李敢打了一个酒嗝说道:“实不相瞒,那崔尧绝非陛下的女婿那般简单,身后必定还有其他势力隐藏在身后,不是好相与的。说实话,自打接了这趟差事我就一直思考怎么脱身,不想与崔兄一拍即合,我二人如此合拍,不如皆为异姓兄弟如何?”

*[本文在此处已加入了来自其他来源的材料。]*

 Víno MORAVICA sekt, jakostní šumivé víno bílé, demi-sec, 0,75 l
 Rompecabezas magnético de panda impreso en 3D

崔实笑道:“李兄说话可是不尽不实啊,那厮到底有甚特殊你是一点没说呀,怎么?有顾虑?陛下的女婿与崔家的嫡子兄台尚且不怕,我不知还有何势力让兄台如此顾忌?”
“不可说,不可说,倒不是势力大,实在是太过神出鬼没,防不胜防罢了。”
“公子既然知道防不胜防,为何还要多言呢?须知祸从口出呢!”此时,旁边侍酒的女子柔声说道,声音不大,可言辞却让李敢冒出冷汗来。
“你是谁?难道你也是那劳什子天机麾下?”
那女子淡淡的笑道:“公子你凭什么要将我主与陛下的势力区分开呢?我等的行动纲领乃是天机老人所书,可俸禄都是陛下发放的呢。”
崔实见机不妙,急忙抽出地上放着的横刀,警惕的说道:“你到底是何人?与李兄说些什么呢?如此大胆,不怕我一刀宰了你吗?隔壁可还有我等二三十位弟兄呢,就是城外不远,也有……”
那女子嗤嗤笑道:“二位公子可是在寒舍呆了有一日夜了吧,崔公子想说您在城外八十里处的人马?不对,小女子说错了,只有人,没有马。
只可笑二位公子行事太过不密,两位藏兵的地方在这兰州城里几乎人尽皆知,二位不觉得太过放肆了吗?将兰州刺史至于何地呢?
陛下只不过一封书信,就把刺史大人骂了个狗血淋头,此刻说不得您二位的手下已经成擒了吧?否则这个刺史他也做到头了。”
崔实不屑的笑道:“我二人手下也有两千余弟兄,凭他一个刺史,能有什么本事敌得过?凭他手里的五百私兵吗?简直是笑话!”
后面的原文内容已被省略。